**Goal of the exercise**
Without the pictures, repeat all of the data exactly as it appears below.

**Information provided**

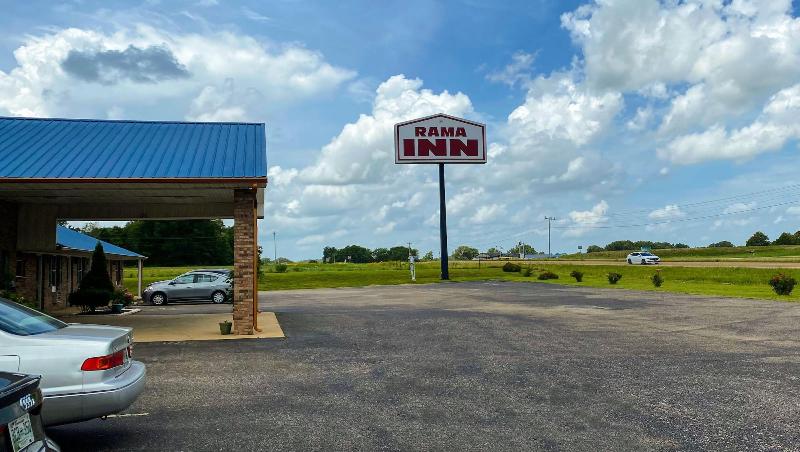 בית מלון כפרי Rama Inn Bells   Jackson West Hwy 412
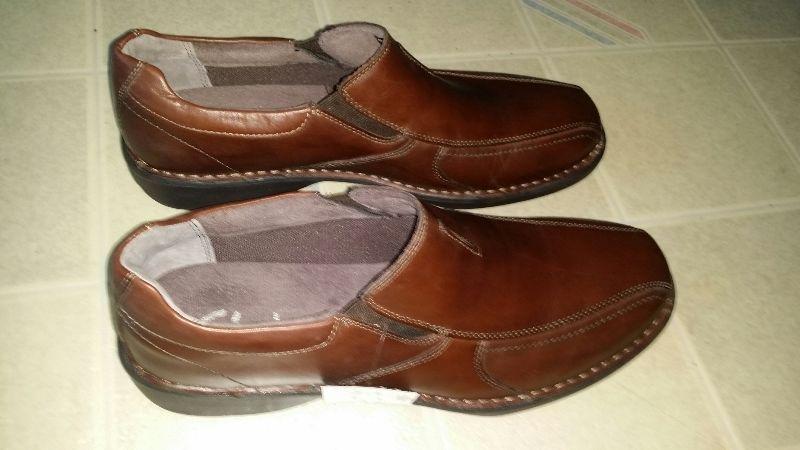 NEW Clarks Unstructured Leather Slip On Casual Shoes Size 13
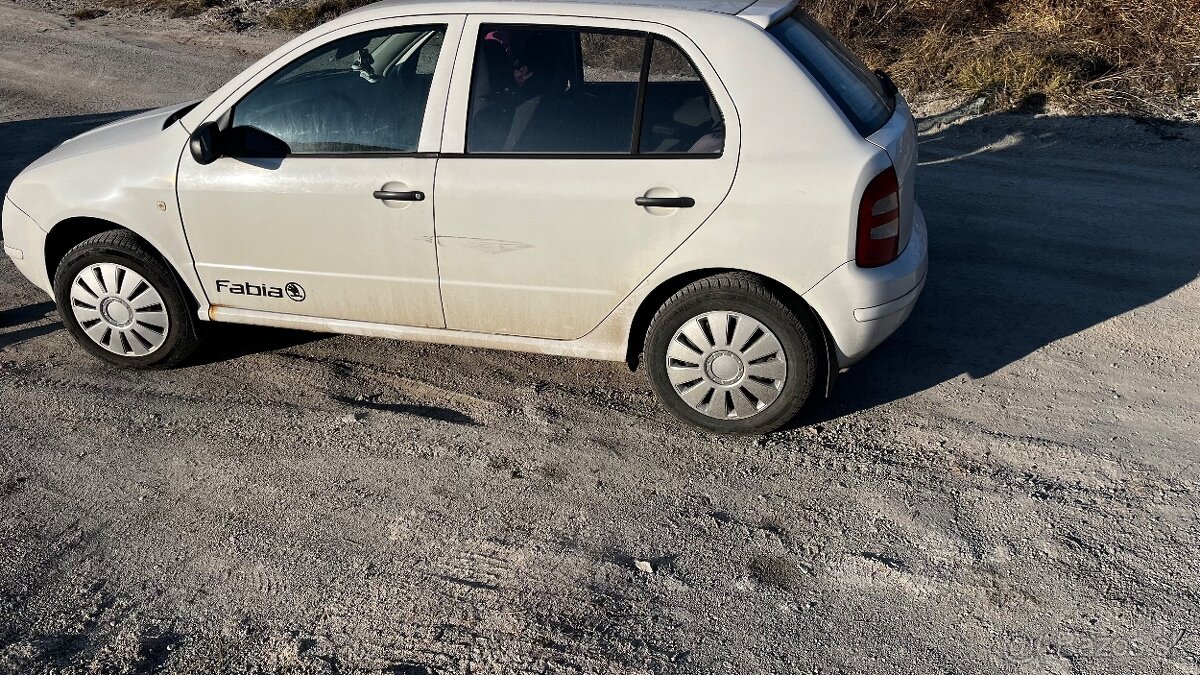 Fabia Junior 1.0 benzín plyn - 8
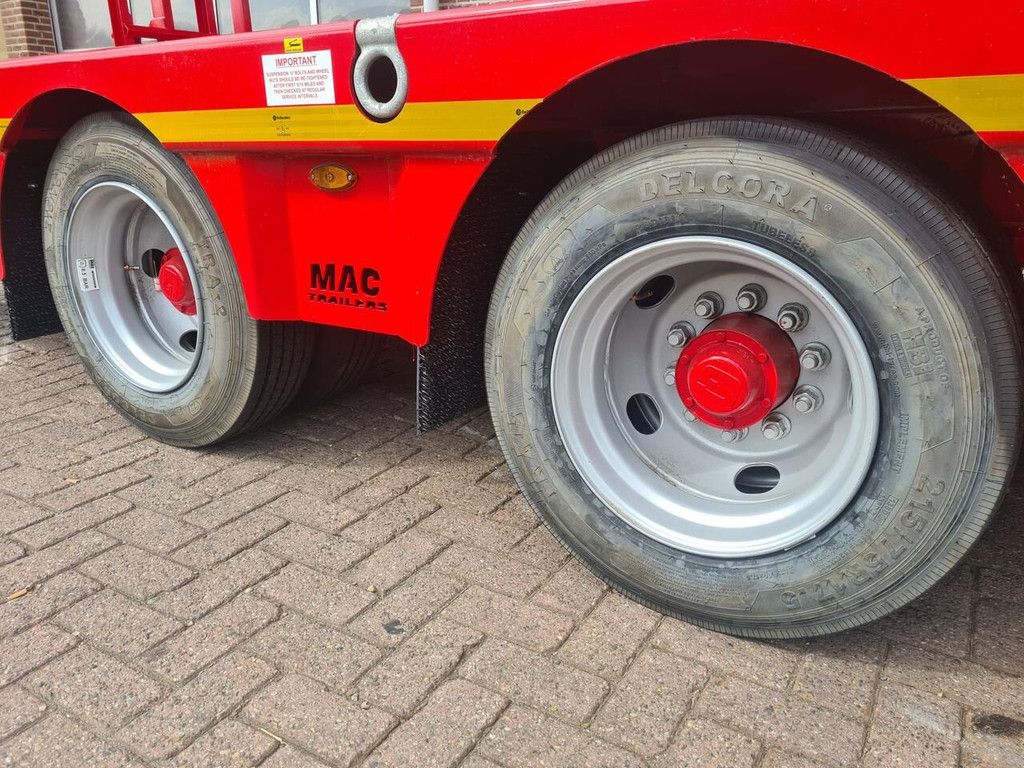 Mac 16 oprijwagen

**Written solution**
 בית מלון כפרי Rama Inn Bells   Jackson West Hwy 412
 NEW Clarks Unstructured Leather Slip On Casual Shoes Size 13
 Fabia Junior 1.0 benzín plyn - 8
 Mac 16 oprijwagen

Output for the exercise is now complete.